Therefore, the New Bottom Line that we should tell the students now could read as follow:
“Corporations, government policies, our educational, legal and health care practices, every institution, law, social policy and even our private behaviour should be judged ‘rational’, ‘efficient’, or ‘productive’ not only to the extent that they maximize money and power (The Old Bottom Line) but ALSO to the extent that they maximize love and caring, kindness and generosity, ethical and ecological behaviour, and contribute to our capacity to respond with awe, wonder and radical amazement at the grandeur and mystery of the universe and all being.”
In contradistinction to the narrow profit only “old” bottom line approach of recent decades for individuals, firms, nations, and the globe, which has so pervaded public policy, social attitudes, and even economics, it was not always so.
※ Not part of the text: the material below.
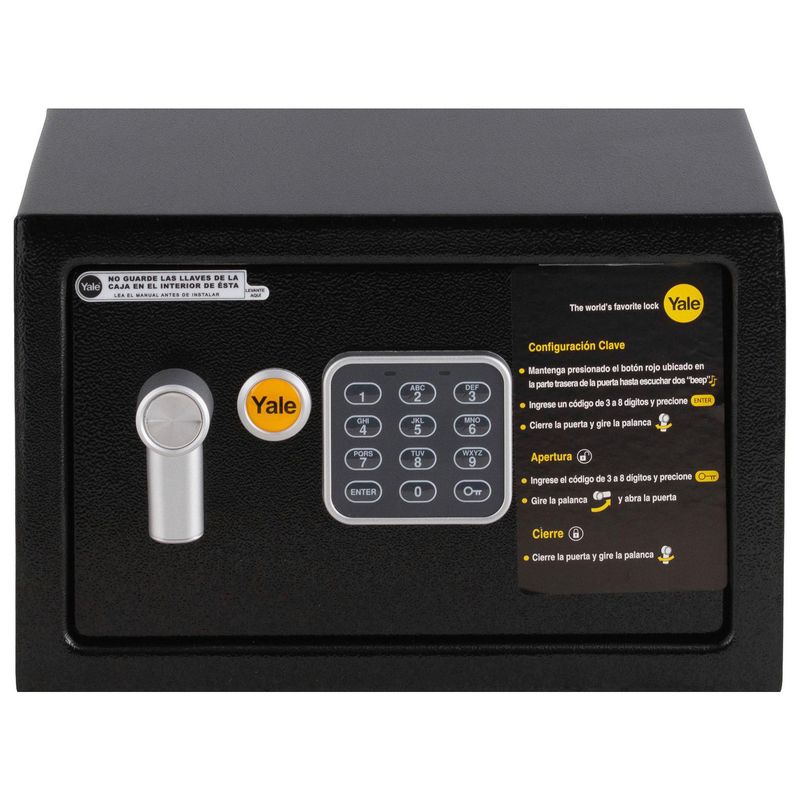 YALE - Caja de seguridad digital 8,6 litros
In the early 1970’s even a conservative American president, Richard Nixon, favored a guaranteed annual income and the creation of the Environmental Protection Agency, while Milton Friedman found no fault with environmental laws consistently applied and supported a guaranteed annual income for all.
Before either of them, such an ardent champion of free markets as Frederick Hayek wrote in favor of government social insurance, provision of basic needs for all, and the consistency of environmental, health and safety laws with basic free market principles.
“ … Nor is there any reason why the state should not assist the individuals in providing for those common hazards of life against which, because of their uncertainty, few individuals can make adequate provision. Where, as in the case of sickness and accident, neither the desire to avoid such calamities nor the efforts to overcome their consequences are as a rule weakened by the provision of assistance – where, in short, we deal with genuinely insurable risks – the case for the state’s helping to organize a comprehensive system of social insurance is very strong.” (See Hayek, The Road to Serfdom, 1944, p120)
In all, it is abundantly clear that, there is more to life than the accumulation of wealth for individuals. There is so much that makes us happy and gives meaning beyond wealth, and that would include concern for others and their wellbeing. There is more that truly matters to society than GDP; community, relationships, health, and the environment matter far more. Finally there is more that should concern business than a narrow view of the bottom line. Not so long ago business firms saw themselves as grounded in particular local communities as participants and members. We call for a new bottom line for individuals, for firms, nations, and the globe, a broader view of what truly matters, fully recognizing that it means reversing a trend of narrowness and hard hearted social policies, which has lasted far too long, these last thirty years.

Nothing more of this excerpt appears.